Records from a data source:
>>>>>

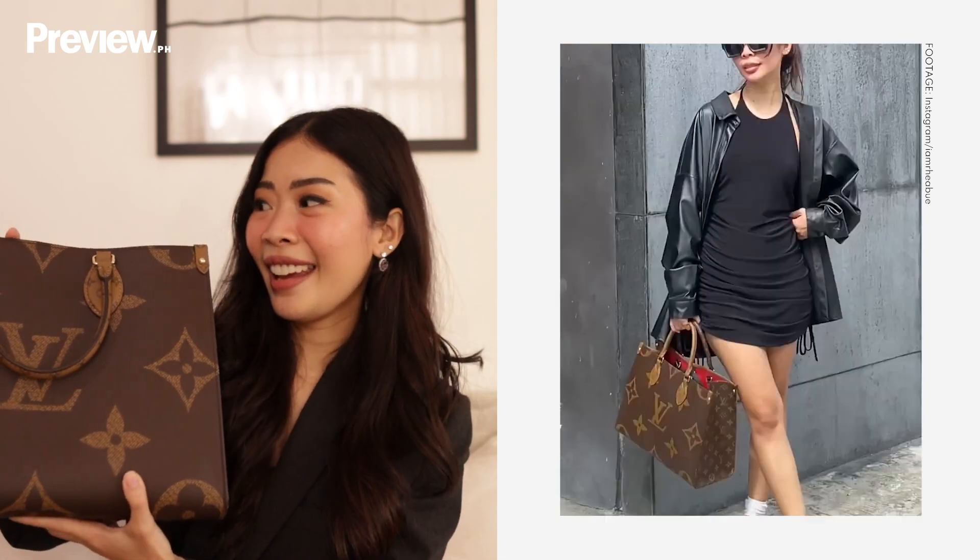Last but not the least, my very recent purchase and my last purchase as a single lady — it would be my Louis Vuitton On The Go MM. This is actually a reward to myself for working so hard the past years before I become a missus. Louis Vuitton is such a good brand to invest in. I went for this big bag because you guys know how much I love to carry a lot of things with me, and I want everything to fit in one bag. I also want to give my Prada bag a break. I can fit my laptop, my iPad, my cameras, my makeup kit — this is so, so spacious.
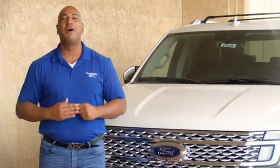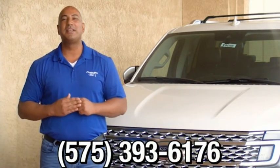Thank you for browsing our inventory. If you have any questions, please give us a call at 575-393-6176.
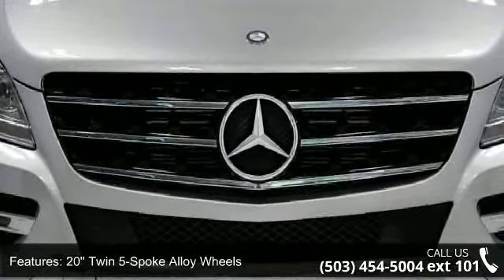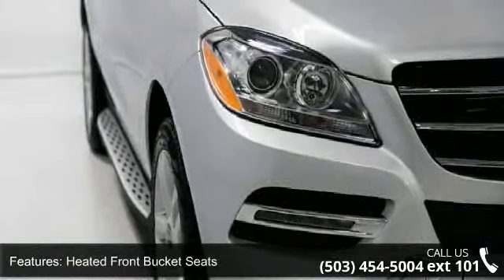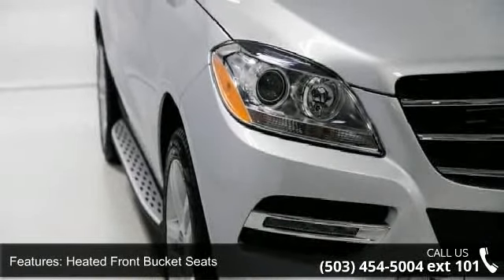Additional features include MB-Tex leatherette seat trim, premium one package, trailer hitch, brushed aluminum running boards, and pre-wiring for rear wheels.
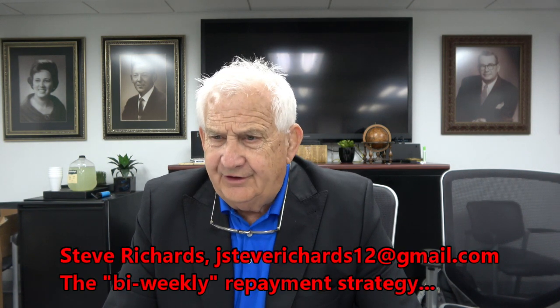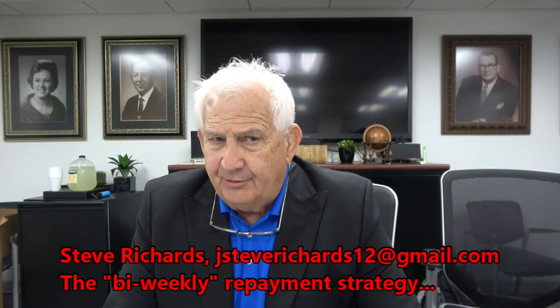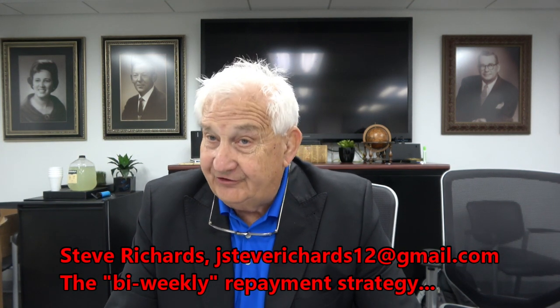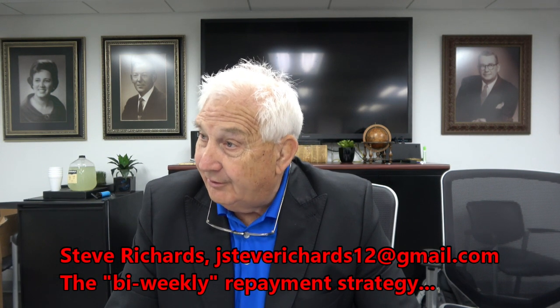Do you guys ever use the bi-weekly payment one? I resisted this for a long time, but I found so many salespeople and so many sales managers around the country that are successful with it that I figure there must be something to it.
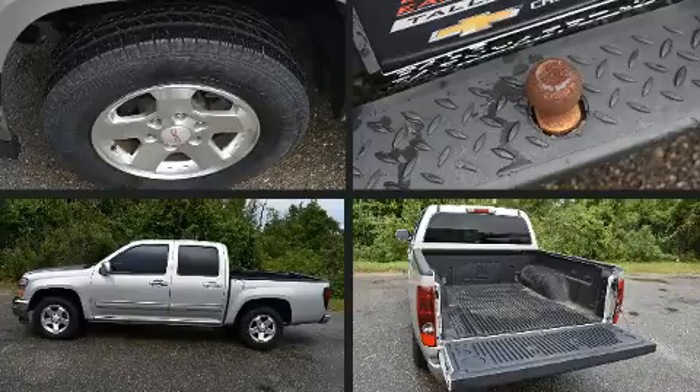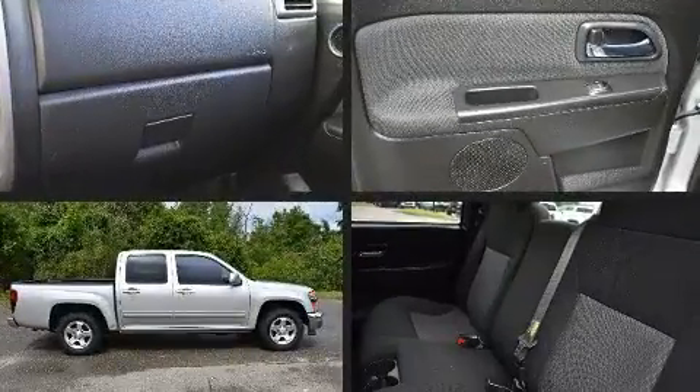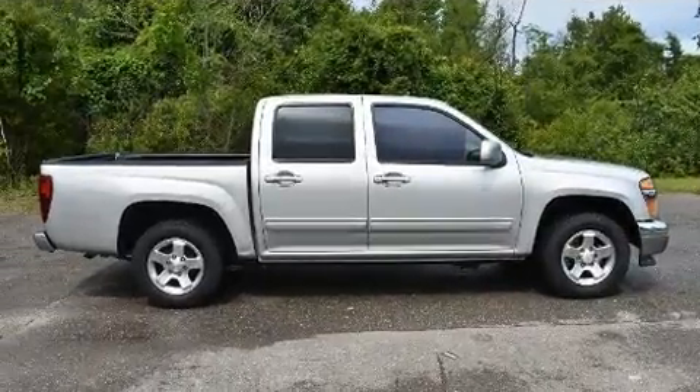Premium sound drives 6 speakers, providing you and your passengers a sensational audio experience.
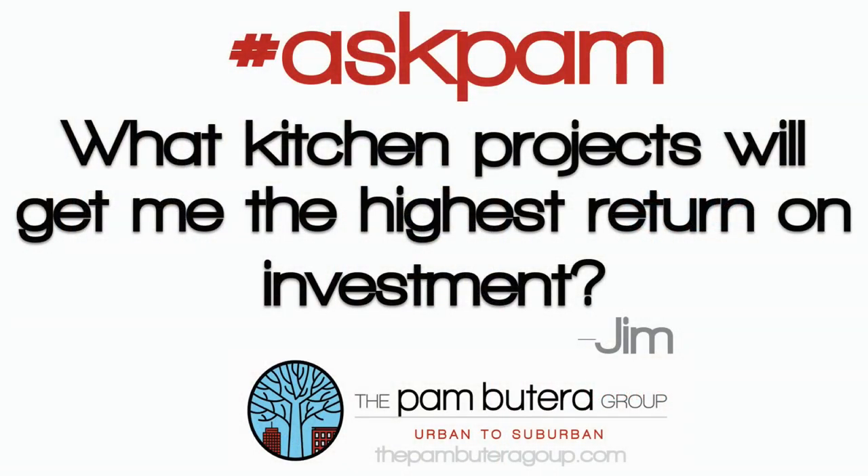Hi, it's Pam with the Pambiterra Group with another Ask Pam. Jim wants to know what kitchen projects will get him the highest return on investment. Great question, Jim.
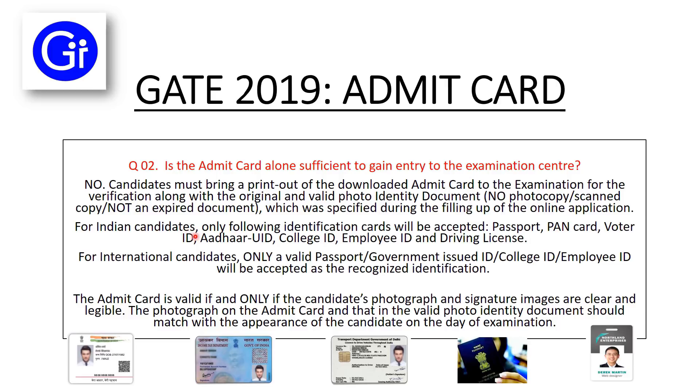For Indian candidates, only the following identification cards will be accepted: Passport, PAN Card, Voter ID Card, Aadhar Card, College ID Card, Employer ID, and Driving License. For international candidates, only a valid Passport, Government issued ID, College ID, or Employer ID will be accepted. The Admit Card is valid if and only if the candidate's photograph and signature images are clear and legible.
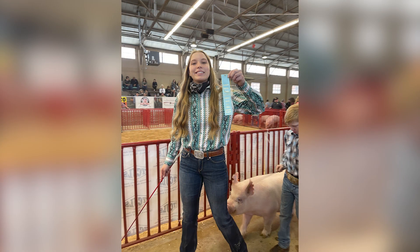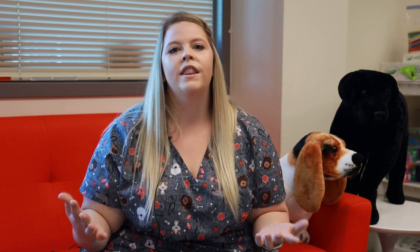Students can join teams like livestock judging, the vet science team which pulls directly from my course, to even wildlife or meat judging. In FFA we have something for everyone. It is very diverse and we welcome everyone into our organization.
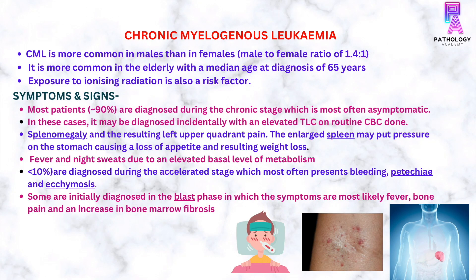CML is more common in males than in females. It is more common in the elderly, with a median age at diagnosis of 65 years. Exposure to ionizing radiation is also a risk factor.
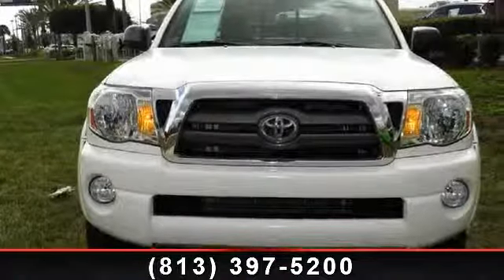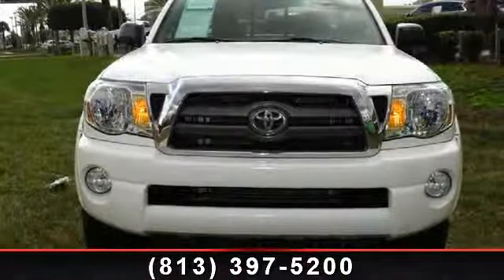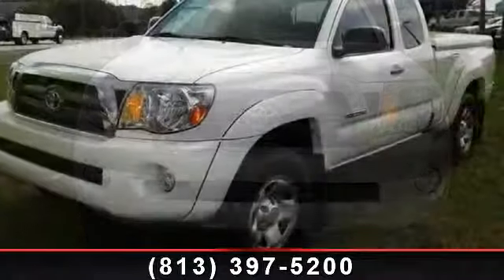Step onto the 2009 Toyota Tacoma. This may be the set of wheels you've been looking for.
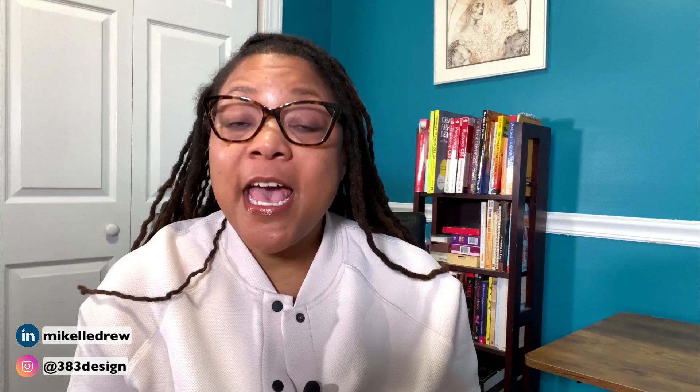PLM stands for Product Lifecycle Management. You'll hear people talk about PLM in many different industries, but in fashion it's a system that manages the entire life cycle of a style — from the season you introduce it into your line through the season you decide you're no longer going to carry it.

<<<<<

## ACTIVITY
Each line above should be returned exactly as it stands, minus any pictures.

## WRITTEN ANSWER
Last but not the least, my very recent purchase and my last purchase as a single lady — it would be my Louis Vuitton On The Go MM. This is actually a reward to myself for working so hard the past years before I become a missus. Louis Vuitton is such a good brand to invest in. I went for this big bag because you guys know how much I love to carry a lot of things with me, and I want everything to fit in one bag. I also want to give my Prada bag a break. I can fit my laptop, my iPad, my cameras, my makeup kit — this is so, so spacious.
Thank you for browsing our inventory. If you have any questions, please give us a call at 575-393-6176.
Additional features include MB-Tex leatherette seat trim, premium one package, trailer hitch, brushed aluminum running boards, and pre-wiring for rear wheels.
Do you guys ever use the bi-weekly payment one? I resisted this for a long time, but I found so many salespeople and so many sales managers around the country that are successful with it that I figure there must be something to it.
Premium sound drives 6 speakers, providing you and your passengers a sensational audio experience.
Hi, it's Pam with the Pambiterra Group with another Ask Pam. Jim wants to know what kitchen projects will get him the highest return on investment. Great question, Jim.
For Indian candidates, only the following identification cards will be accepted: Passport, PAN Card, Voter ID Card, Aadhar Card, College ID Card, Employer ID, and Driving License. For international candidates, only a valid Passport, Government issued ID, College ID, or Employer ID will be accepted. The Admit Card is valid if and only if the candidate's photograph and signature images are clear and legible.
Students can join teams like livestock judging, the vet science team which pulls directly from my course, to even wildlife or meat judging. In FFA we have something for everyone. It is very diverse and we welcome everyone into our organization.
CML is more common in males than in females. It is more common in the elderly, with a median age at diagnosis of 65 years. Exposure to ionizing radiation is also a risk factor.
Step onto the 2009 Toyota Tacoma. This may be the set of wheels you've been looking for.
PLM stands for Product Lifecycle Management. You'll hear people talk about PLM in many different industries, but in fashion it's a system that manages the entire life cycle of a style — from the season you introduce it into your line through the season you decide you're no longer going to carry it.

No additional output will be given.